Questions on the IBI Biochar Classification Tool

Q: What does the IBI Biochar Classification Tool do?

A: The Tool classifies biochars based on four measured physicochemical properties of biochars: carbon storage value, fertilizer value, liming value, and particle size distribution. For simplification purposes, the present classification will not consider N (due to its low availability) or Ca (present in considerable amounts in most biochars and to some extent linked to the liming value).

In addition the Tool provides the fertilizer grade for six nutrients (N, P, K, S, Ca, and Mg) in each biochar based on their available contents. End-users are encouraged to make use of this information together with available information on soil fertility, so that the needs for a specific crop demand are adequately satisfied and balanced with other sources of fertilizer where needed.

Q: Why was the IBI Biochar Classification Tool developed?
A: The Tool was developed to assist biochar consumers when assessing the potential impacts of a specific biochar in a soil or cropping system. For example, if long-term soil carbon sequestration is a goal, then a biochar in a high carbon storage class would be desirable. Or if soil acidity amelioration is a goal, then a biochar in a high liming class would be desirable.
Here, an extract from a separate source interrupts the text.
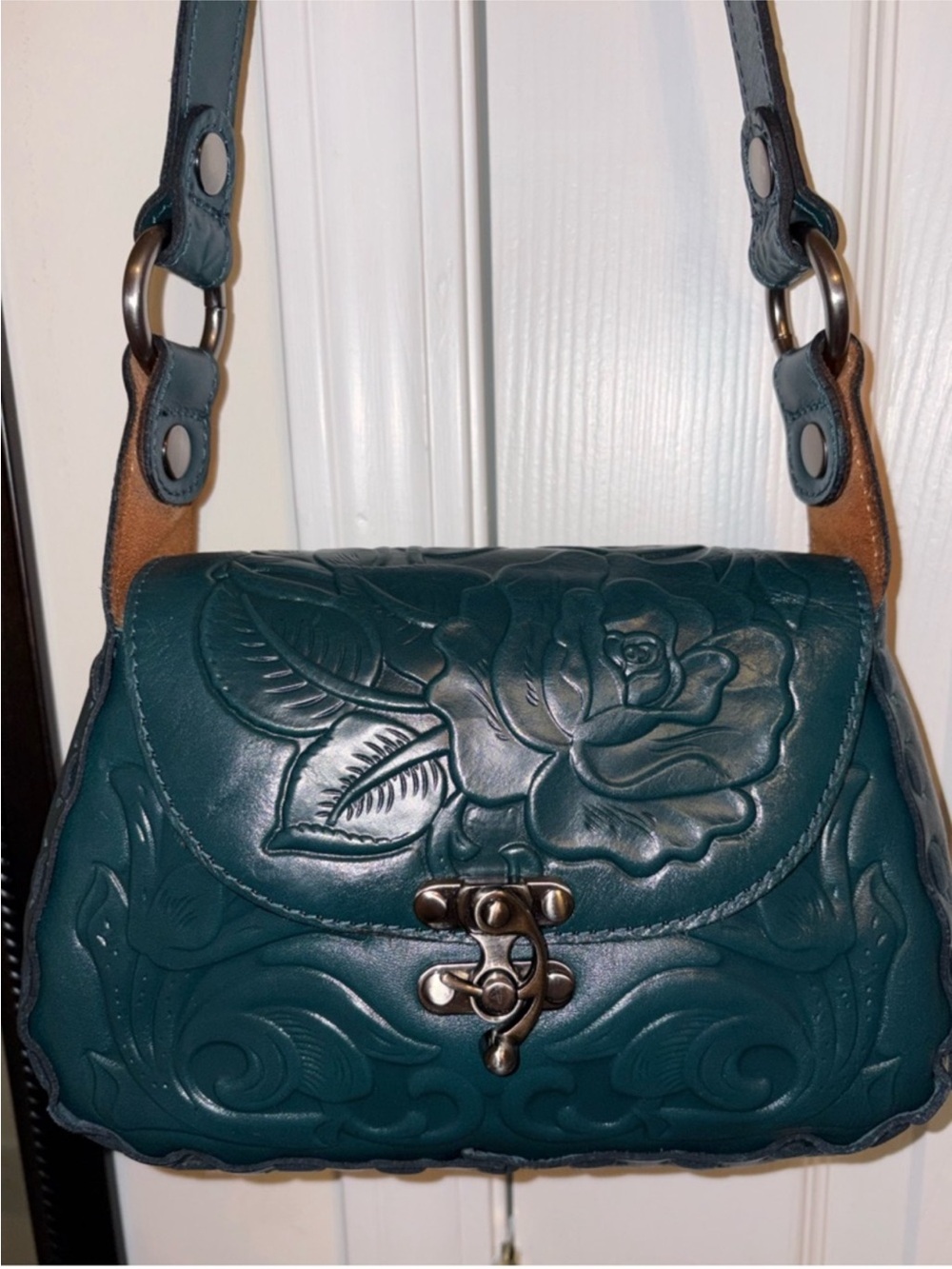 Patricia Nash Teal Embossed Floral Leather Crossbody Bag NWOT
Q: How do I use the IBI Biochar Classification Tool?  
A: To use the Tool you must have laboratory-measured values of: hydrogen to organic carbon ratio (H/Corg) and percent organic carbon (Corg); plant-available concentrations of N, P, K, S, Ca and Mg; calcium carbonate equivalent (% CaCO3-eq); and particle size distribution. Simply enter the values for these measured properties into the input fields and click on “Show Classification” to view the results.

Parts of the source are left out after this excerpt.